Lembre-se, ademais, que, no âmbito da associação sem fins econômicos, que não tem um dono e o poder de mando e de alocação de recursos é imputado, por um processo político, a um associado (ou a pequeno grupo de associados), que o exerce sem contrapartida financeira ou risco patrimonial, o incentivo para extração de valores é incomparavelmente maior do que o incentivo existente no âmbito da SAF.
Considerando uma hipotética SAF cujo capital seja distribuído entre investidor, com 90%, e clube, com 10%, para cada negócio com parte relacionada realizado sem a devida justificativa e a necessária justa contrapartida, o investidor se beneficia, em tese, de apenas 10% do todo, pois 90%, se convertidos em lucro, seriam destinados a ele.
Quando a situação se opera dentro do clube, para cada real malversado, em negociações indevidamente verificadas pelos sistemas de controle, a totalidade da malversação beneficiará algum terceiro, consistente em uma parte relacionada, em desfavor justamente do clube, que é prejudicado pelo todo (e não pela proporcionalidade).
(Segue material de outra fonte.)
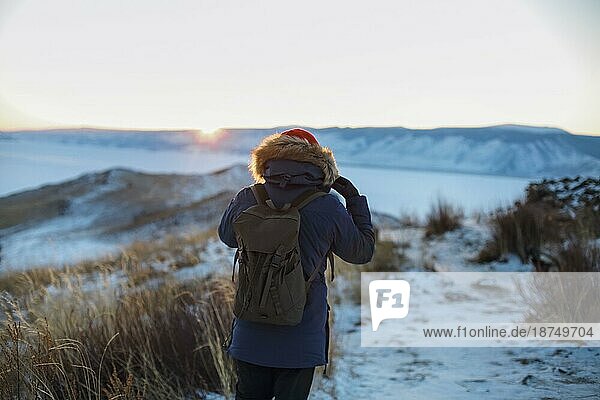 Junger Mann steht im Winter gefrorenen Natur und beobachten ruhigen Winter nebligen Sonnenaufgang. Thinking Konzept  volle Freiheit Foto  schöne Landschaft. Ogoy Insel  Baikalsee  Sibirien  Russland  Europa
Mais: a SAF tem objetivo específico, qual seja, o futebol, enquanto a associação sem fins econômicos, na maioria dos casos, além de uma série de outros propósitos, como o desenvolvimento de modalidades esportivas amadoras, também se dedica à organização de eventos sociais, que podem ser utilizados, todos ou alguns deles, para finalidades indesejadas.
A crise da maioria dos clubes, ainda mais injustificável, em determinadas situações, pelo tamanho de suas torcidas e de suas receitas, invoca um problema que antecede a Lei da SAF e a SAF, que são, estas, ao mesmo tempo, (possível) solução e vítimas tardias do associativismo corrosivo.
No plano da SAF, os dilemas emergem e podem ser enfrentados, sob diversas óticas, como a contratual ou a regulatória, e os eventuais infratores, mesmo com base no arcabouço jurídico existente, sujeitam-se a uma estrutura de responsabilização prevista na legislação societárias.
Eis, pois, a diferença de perspectiva: com a SAF, vislumbram-se caminhos para reforçamento da higidez sistêmica, ao contrário do secular e hermético associativismo, que é dotado, não por acaso, de instrumentos de autoproteção e de proteção de indivíduos, em detrimento da coletividade.